I feel that if society were more accepting of those with a disability, most of the people that are diagnosed with a disability may have a better chance of beating it because they, themselves, may feel like they have an opportunity to do so. My reaction to this film was initial awe, more so because of the ending of the movie. I was very disgusted with the way the institution’s staff handled each patient on that ward and I saw that it was mainly to feed their own ego. They considered themselves better than all those men and used them to create a very controlling atmosphere where no one benefited except for the staff.
It made me think whether or not something like that can happen outside from this movie. Are people with a mental disability treated like this in real life? Is there a possibility that they can be nurtured to the point that their mental illness can be cured?

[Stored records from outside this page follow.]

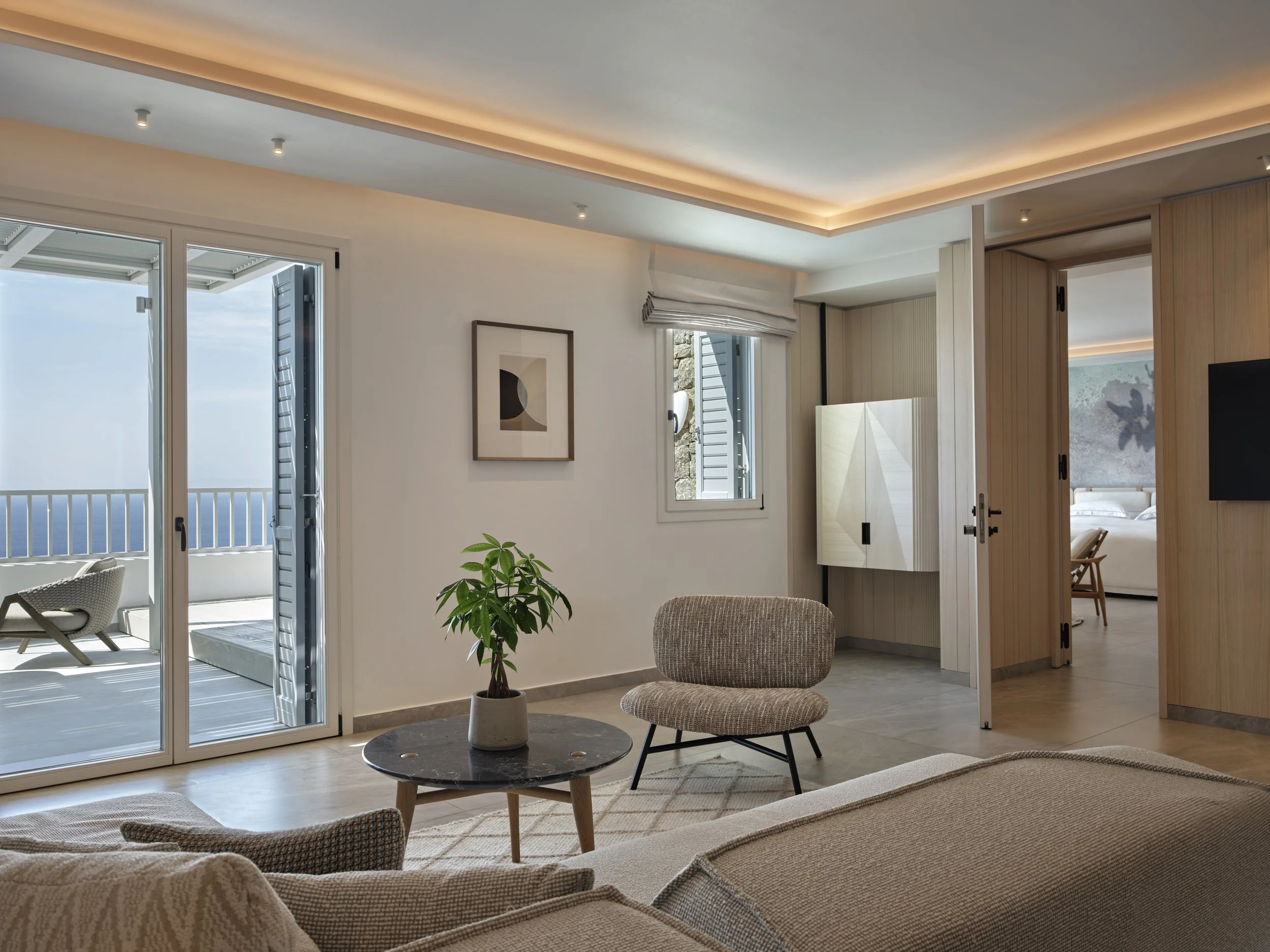 Living room with sliding glass door leading to balcony, a beige sofa, a small round coffee table with a potted plant, a patterned armchair, and a flat-screen TV on the wall. The interior features minimalist decor, light wood accents, and a view of th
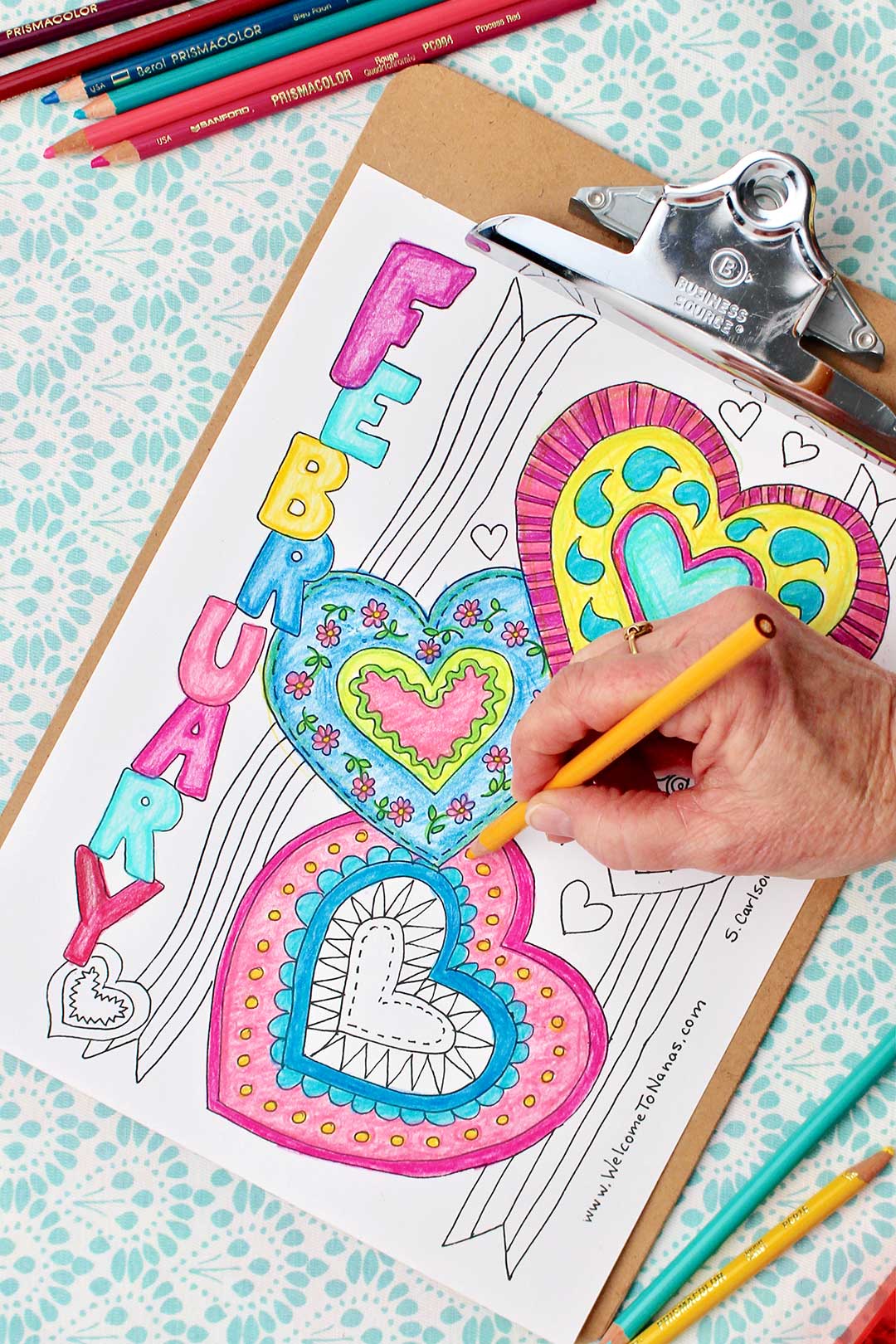 Hand coloring yellow dots on heart on February coloring page.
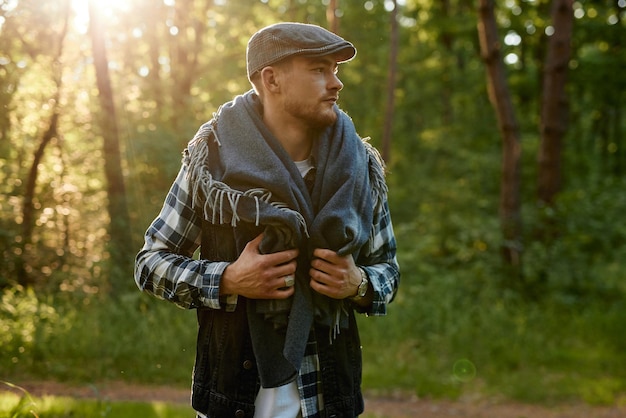 Um jovem de camisa xadrez com xadrez caminha em um parque ensolarado na floresta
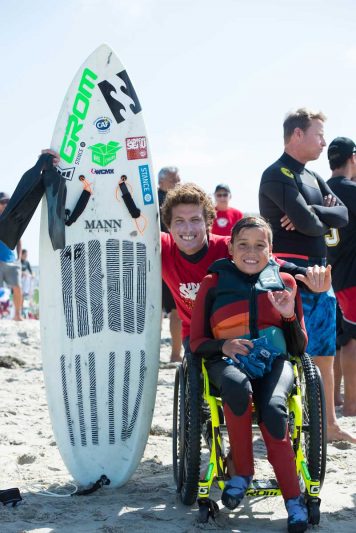 A young male adaptive surfer smiles with a surf volunteer at the beach during an adaptive surf event. He is seated in his manual wheelchair and holding up the surf "shaka" symbol with his left hand. His adaptive surf board is on their right.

It left a few unanswered questions like the aforementioned and it is a bit disturbing to think that people who are educated in knowing better still do not act that way.
We talked about this issue many times in class especially about teachers being educated in disability and people who have them and how they should act. However, there is no requirement for teachers to take a class or be knowledgeable in that respect. It made me wonder whether or not these nurses and doctors in the movie knew either. Perhaps the movie echoes society in that regard and wants people in power roles to know that they hold a lot more power in their position than they may think and is possible for it to affect people in a negative way.
I have to say that my view on institutions is a little bit different. I never realized what kind of reinforcement they could be to the patients and also what power they hold in the ultimate outcome for their lives. I think this was demonstrated in the movie by McMurphy eventually being made to be mentally ill and so had to be in the institution. He, of course, did not have a disability but because of the power that the staff held and in order to better control him, that is what they made him become.
All in all, I would have to say this is a powerful movie. Many may watch it for the acting – which was very good – however because I had to specifically watch it keeping our class in mind, it made me think about how true it is that society can shape the outcome of an individual who has a disability. It made me feel that I have a huge part when I come across somebody with a disability and how I would react to them.